For the last two years, we’ve talked about how gun sales are surging all over the country. Americans are buying guns and ammunition, so much so that it’s impossible for gun makers to keep up.
I mean, it’s pretty bad when gun stores are shutting down in part because of the incredible demand for firearms.
It’s weird.
Yet those gun sales are creating great benefits for one place many anti-gun activists would never think of. Wildlife is shaping up to be the big winner here.
Tax receipts from surging gun and ammunition sales in the U.S. boosted money for a federal conservation program to a record level in 2022, officials announced Friday.
Excise taxes on guns, ammunition and archery equipment brought in $1.1 billion for federal grants to states for wildlife conservation and hunter education, said officials from the U.S. Fish and Wildlife Service.
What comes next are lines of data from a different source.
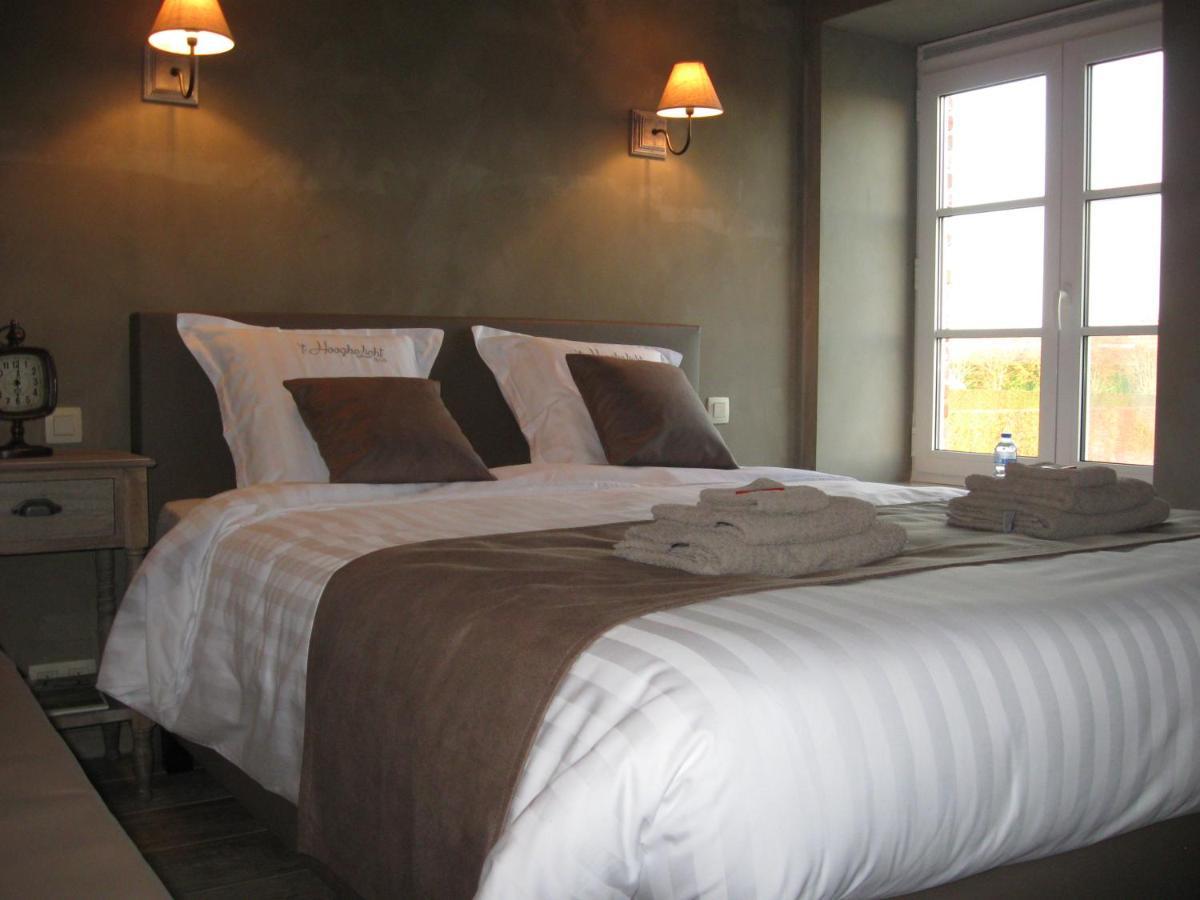 'T Hooghe Licht Bed & Breakfast Ζονεμπέκε Εξωτερικό φωτογραφία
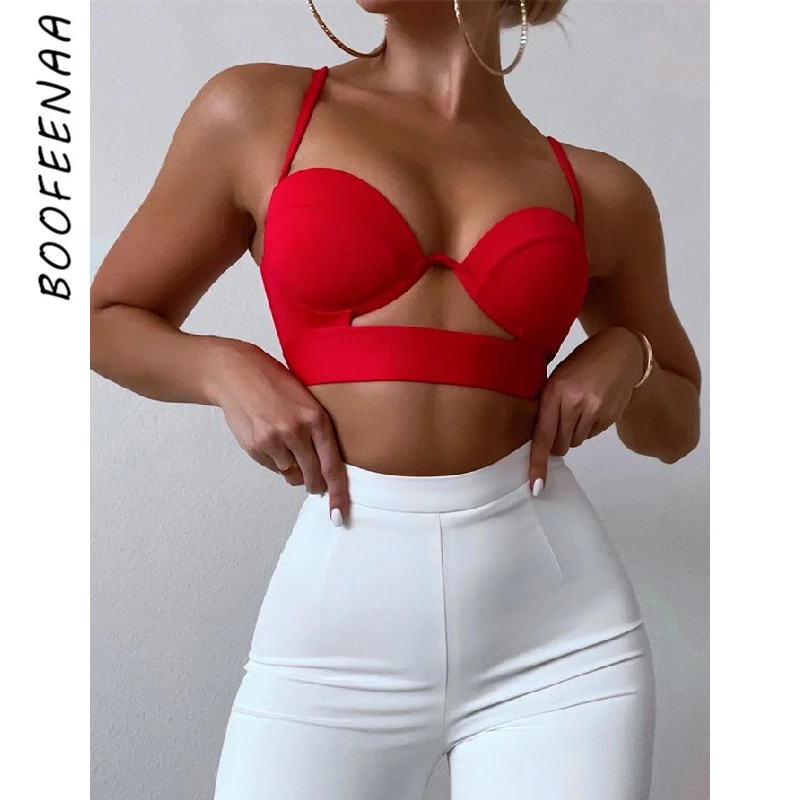 Сексуальная Женская одежда BOOFEENAA с открытой спиной, женская одежда для вечерние НКИ и клуба, Высококачественная укороченная майка, майка
Сексуальная Женская одежда BOOFEENAA с открытой спиной, женская одежда для вечерние НКИ и клуба, Высококачественная укороченная майка, майка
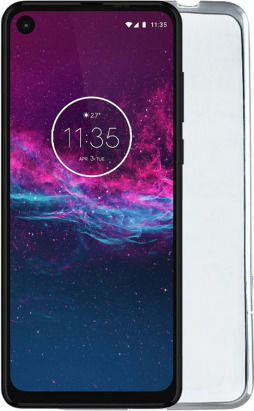 Volte-Tel Slimcolor Air Back Cover Silicone Transparent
A related program for fish restoration brought in almost $400 million, from taxes on fishing equipment and boat fuel, they said.
The money for the wildlife program rose by more than 60 percent over last year and shattered the previous high of $808 million in 2015, according to figures provided by Fish and Wildlife spokesperson Laury Marshall.
Oh, that’s awful except, well, it’s not.
Those grants for conservation are going to benefit all kinds of wildlife, particularly game animals, but the entire ecosystem will ultimately benefit from all those gun sales.
More importantly, no one is upset by this.
See, at one time, gun sales were primarily driven by hunters. They definitely had no issue with the tax because it ultimately benefitted them as those conservation programs protected the game they were likely hunting, making sure there would be hunting for generations to come.
Now, though, most gun sales are driven by self-defense. You’d think people would be upset about a conservation tax when they’re not hunters. Only, it’s not really a thing.
That’s because, contrary to what anti-Second Amendment types might claim, we’re not all a bunch of heartless bastards. A lot of us still hunt, but many more don’t. They just don’t mind a small tax that actually does what it’s purported to do.
Yet if these same people get their way, one of the second-order effects would be a reduction in money for conservation programs.
They say they won’t come after hunting weapons, but if that’s true then all they’ll do is make it so there won’t be as much in the way of money for conservation efforts, making it less likely there will be anything to hunt in the first place.
Whoops.
Of course, the upside is that we know their conservation ideas will eventually be to ban “sniper rifles”–or use some other term for hunting weapons–and make it impossible to hunt lawfully at all.
That’ll create all kinds of problems in and of itself, of course, but so does gun control, so what do they care?
Personally, I’m glad to see so much money go into conservation. That’s going to be a big win. Possibly causing exploding heads among the PETA/anti-hunting crowd? Oh, that’s just a huge bonus.